EXERCISE INSTRUCTIONS: Print every entry exactly as it appears, but skip the pictures.

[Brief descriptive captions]

- Opening Delimiter -

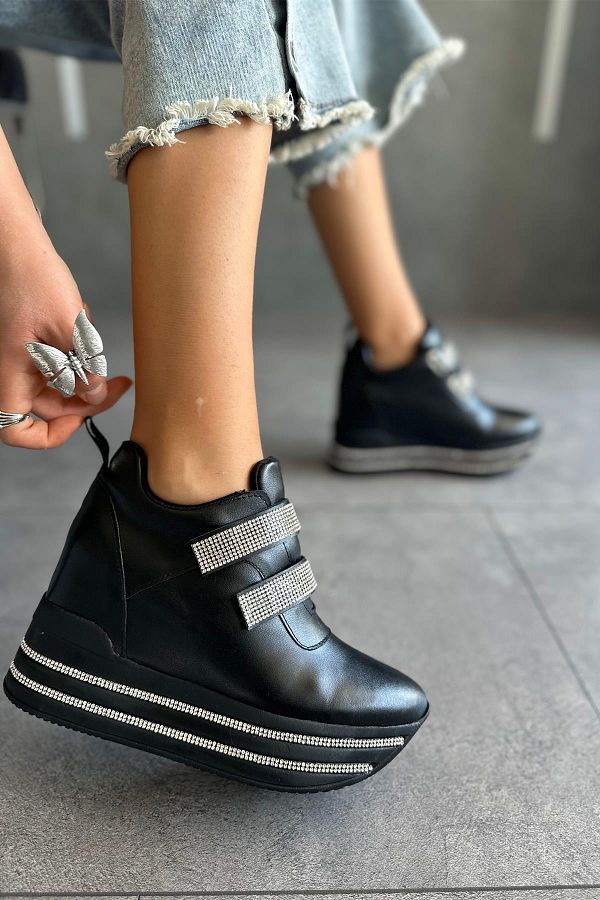 Modanizm Zella Black Wedge Sneakers Comfortable and Stylish Trendyol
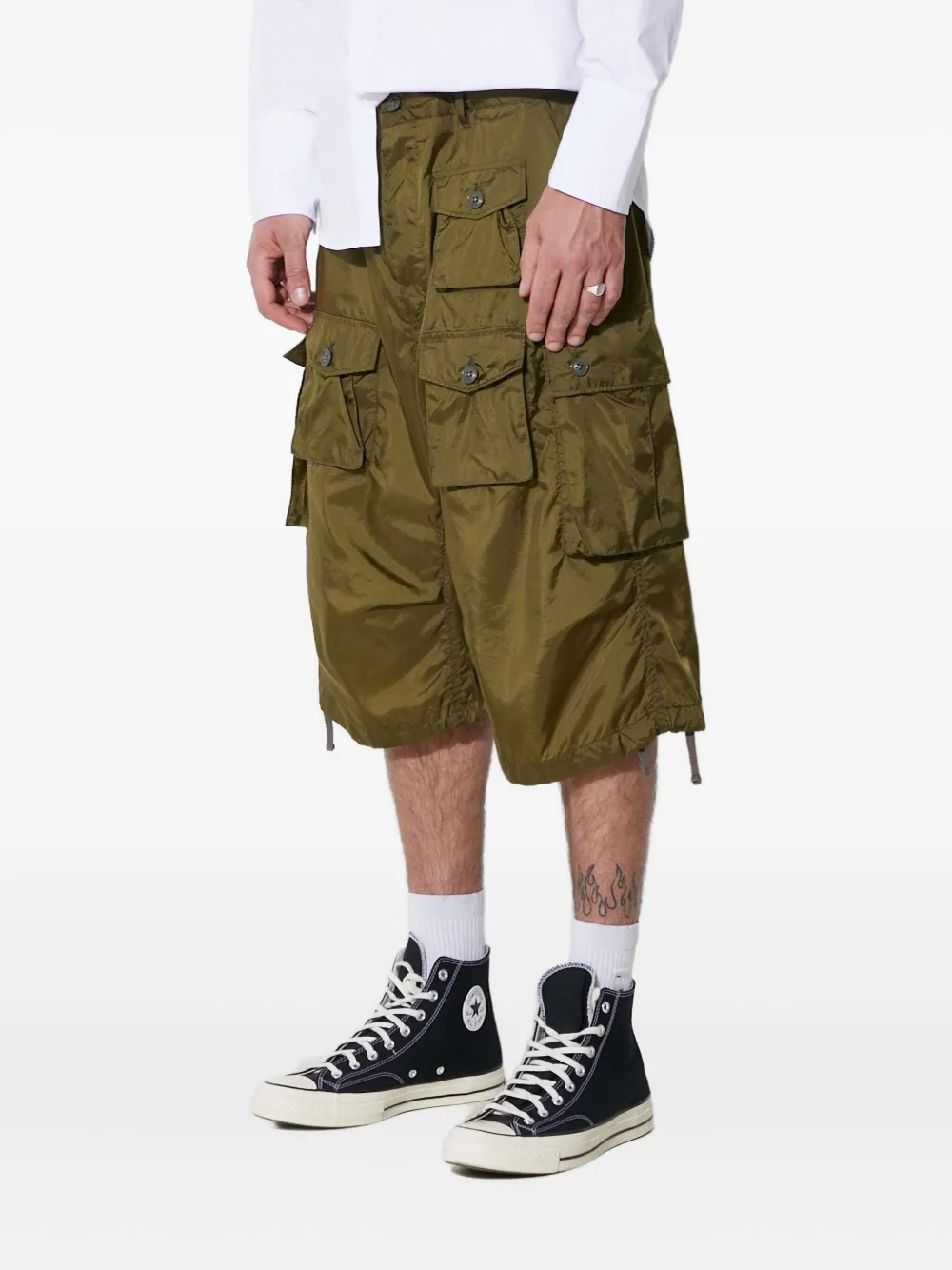 Engineered Garments Buttoned Cargo Shorts In Green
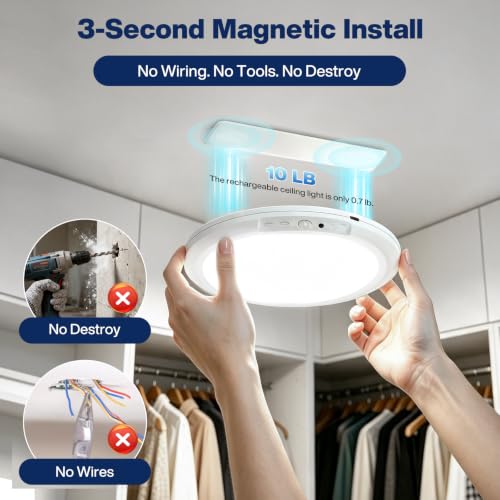 Rechargeable Ceiling Light with Remote & Motion Sensor - 2 Pack - 7.55 Inch, Dimmable 3-Color LED for Closet & Shower - Variation 2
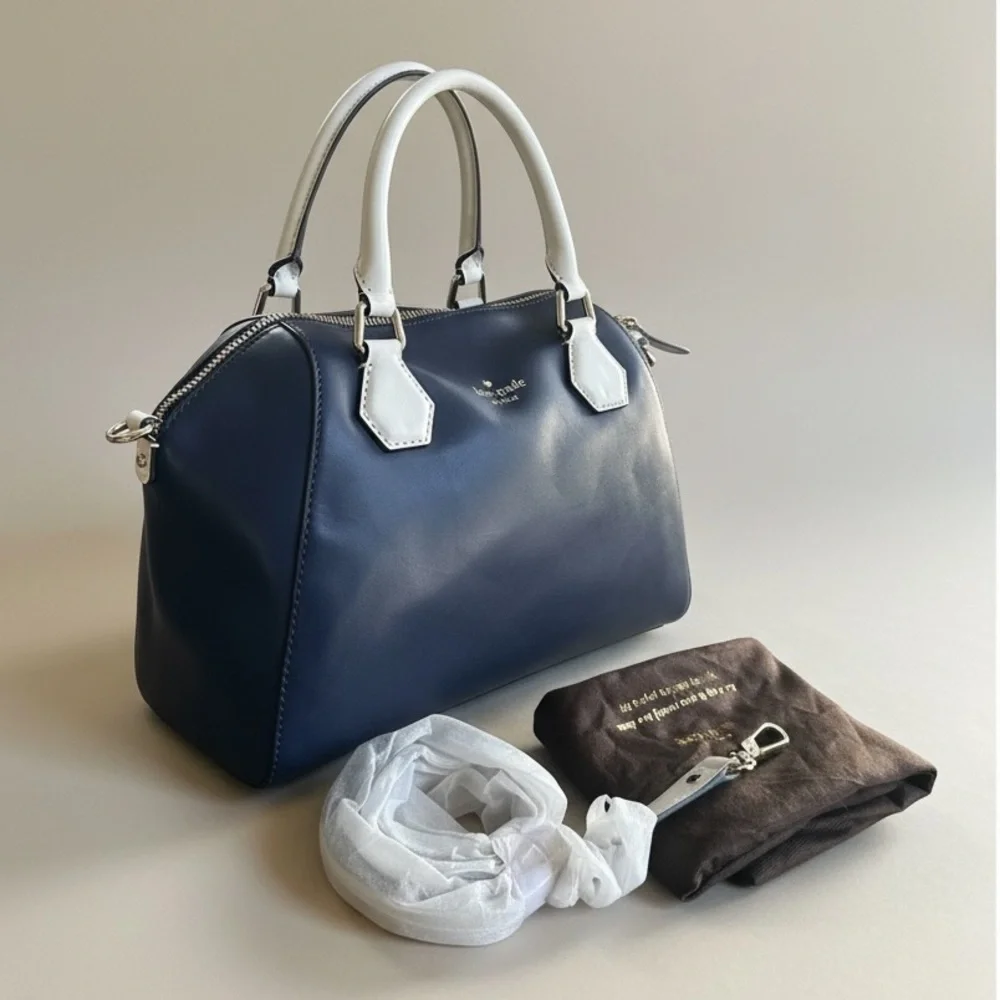 NWT Kate Spade Pippa Catherine Street Satchel French Navy Leather Bag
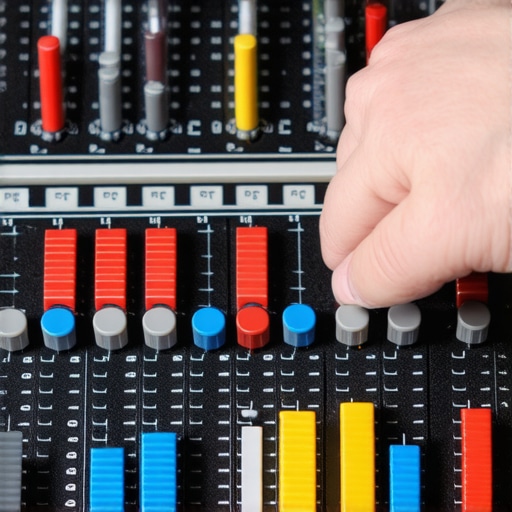 Audio engineer fine-tuning multiple sound layers during post-production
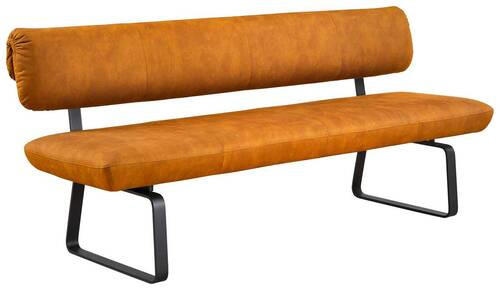 SITZBANK 200/88/68 cm Anthrazit, Cognac - Cognac/Anthrazit, Design, Textil/Metall (200/88/68cm) - Venjakob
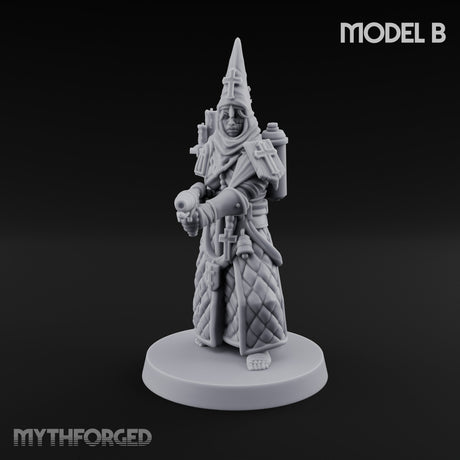 Cone Hatted Robed Human Pilgrim B Miniature for Dungeons and Dragons, Pathfinder or other TTRPGs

- Closing Delimiter -

TASK RESULT:
 Modanizm Zella Black Wedge Sneakers Comfortable and Stylish Trendyol
 Engineered Garments Buttoned Cargo Shorts In Green
 Rechargeable Ceiling Light with Remote & Motion Sensor - 2 Pack - 7.55 Inch, Dimmable 3-Color LED for Closet & Shower - Variation 2
 NWT Kate Spade Pippa Catherine Street Satchel French Navy Leather Bag
 Audio engineer fine-tuning multiple sound layers during post-production
 SITZBANK 200/88/68 cm Anthrazit, Cognac - Cognac/Anthrazit, Design, Textil/Metall (200/88/68cm) - Venjakob
 Cone Hatted Robed Human Pilgrim B Miniature for Dungeons and Dragons, Pathfinder or other TTRPGs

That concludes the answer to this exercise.